## EXERCISE PROMPT
Retype the data exactly. Spelling and punctuation stay as they are.

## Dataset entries

══════

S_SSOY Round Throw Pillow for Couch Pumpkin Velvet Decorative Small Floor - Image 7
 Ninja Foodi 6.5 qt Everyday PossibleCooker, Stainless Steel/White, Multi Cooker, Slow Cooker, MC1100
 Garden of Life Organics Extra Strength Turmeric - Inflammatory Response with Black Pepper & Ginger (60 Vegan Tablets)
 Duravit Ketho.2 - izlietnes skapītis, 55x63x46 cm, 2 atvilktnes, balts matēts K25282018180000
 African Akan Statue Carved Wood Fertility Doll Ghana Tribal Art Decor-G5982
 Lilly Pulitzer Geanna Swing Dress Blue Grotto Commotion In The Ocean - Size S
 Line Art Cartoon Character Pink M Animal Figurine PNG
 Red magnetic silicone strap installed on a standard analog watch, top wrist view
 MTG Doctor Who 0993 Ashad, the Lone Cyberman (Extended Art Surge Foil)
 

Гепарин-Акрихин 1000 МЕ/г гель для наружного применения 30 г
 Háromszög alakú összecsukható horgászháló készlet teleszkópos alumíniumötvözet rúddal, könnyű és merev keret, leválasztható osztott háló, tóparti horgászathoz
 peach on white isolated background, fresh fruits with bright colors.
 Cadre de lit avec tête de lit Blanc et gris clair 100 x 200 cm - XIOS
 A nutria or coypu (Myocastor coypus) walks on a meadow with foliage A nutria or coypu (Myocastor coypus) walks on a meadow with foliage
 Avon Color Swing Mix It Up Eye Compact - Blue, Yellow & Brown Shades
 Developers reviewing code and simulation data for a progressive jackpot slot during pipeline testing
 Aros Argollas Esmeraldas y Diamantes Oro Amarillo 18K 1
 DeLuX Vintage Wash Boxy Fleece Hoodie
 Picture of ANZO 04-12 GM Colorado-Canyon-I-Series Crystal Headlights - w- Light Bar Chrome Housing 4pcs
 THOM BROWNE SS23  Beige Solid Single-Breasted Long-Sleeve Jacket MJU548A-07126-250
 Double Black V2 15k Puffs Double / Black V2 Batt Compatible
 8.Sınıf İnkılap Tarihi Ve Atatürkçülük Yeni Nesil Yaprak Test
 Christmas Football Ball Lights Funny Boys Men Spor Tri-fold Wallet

══════

## ANSWER FOR THE TASK
S_SSOY Round Throw Pillow for Couch Pumpkin Velvet Decorative Small Floor - Image 7
 Ninja Foodi 6.5 qt Everyday PossibleCooker, Stainless Steel/White, Multi Cooker, Slow Cooker, MC1100
 Garden of Life Organics Extra Strength Turmeric - Inflammatory Response with Black Pepper & Ginger (60 Vegan Tablets)
 Duravit Ketho.2 - izlietnes skapītis, 55x63x46 cm, 2 atvilktnes, balts matēts K25282018180000
 African Akan Statue Carved Wood Fertility Doll Ghana Tribal Art Decor-G5982
 Lilly Pulitzer Geanna Swing Dress Blue Grotto Commotion In The Ocean - Size S
 Line Art Cartoon Character Pink M Animal Figurine PNG
 Red magnetic silicone strap installed on a standard analog watch, top wrist view
 MTG Doctor Who 0993 Ashad, the Lone Cyberman (Extended Art Surge Foil)
 

Гепарин-Акрихин 1000 МЕ/г гель для наружного применения 30 г
 Háromszög alakú összecsukható horgászháló készlet teleszkópos alumíniumötvözet rúddal, könnyű és merev keret, leválasztható osztott háló, tóparti horgászathoz
 peach on white isolated background, fresh fruits with bright colors.
 Cadre de lit avec tête de lit Blanc et gris clair 100 x 200 cm - XIOS
 A nutria or coypu (Myocastor coypus) walks on a meadow with foliage A nutria or coypu (Myocastor coypus) walks on a meadow with foliage
 Avon Color Swing Mix It Up Eye Compact - Blue, Yellow & Brown Shades
 Developers reviewing code and simulation data for a progressive jackpot slot during pipeline testing
 Aros Argollas Esmeraldas y Diamantes Oro Amarillo 18K 1
 DeLuX Vintage Wash Boxy Fleece Hoodie
 Picture of ANZO 04-12 GM Colorado-Canyon-I-Series Crystal Headlights - w- Light Bar Chrome Housing 4pcs
 THOM BROWNE SS23  Beige Solid Single-Breasted Long-Sleeve Jacket MJU548A-07126-250
 Double Black V2 15k Puffs Double / Black V2 Batt Compatible
 8.Sınıf İnkılap Tarihi Ve Atatürkçülük Yeni Nesil Yaprak Test
 Christmas Football Ball Lights Funny Boys Men Spor Tri-fold Wallet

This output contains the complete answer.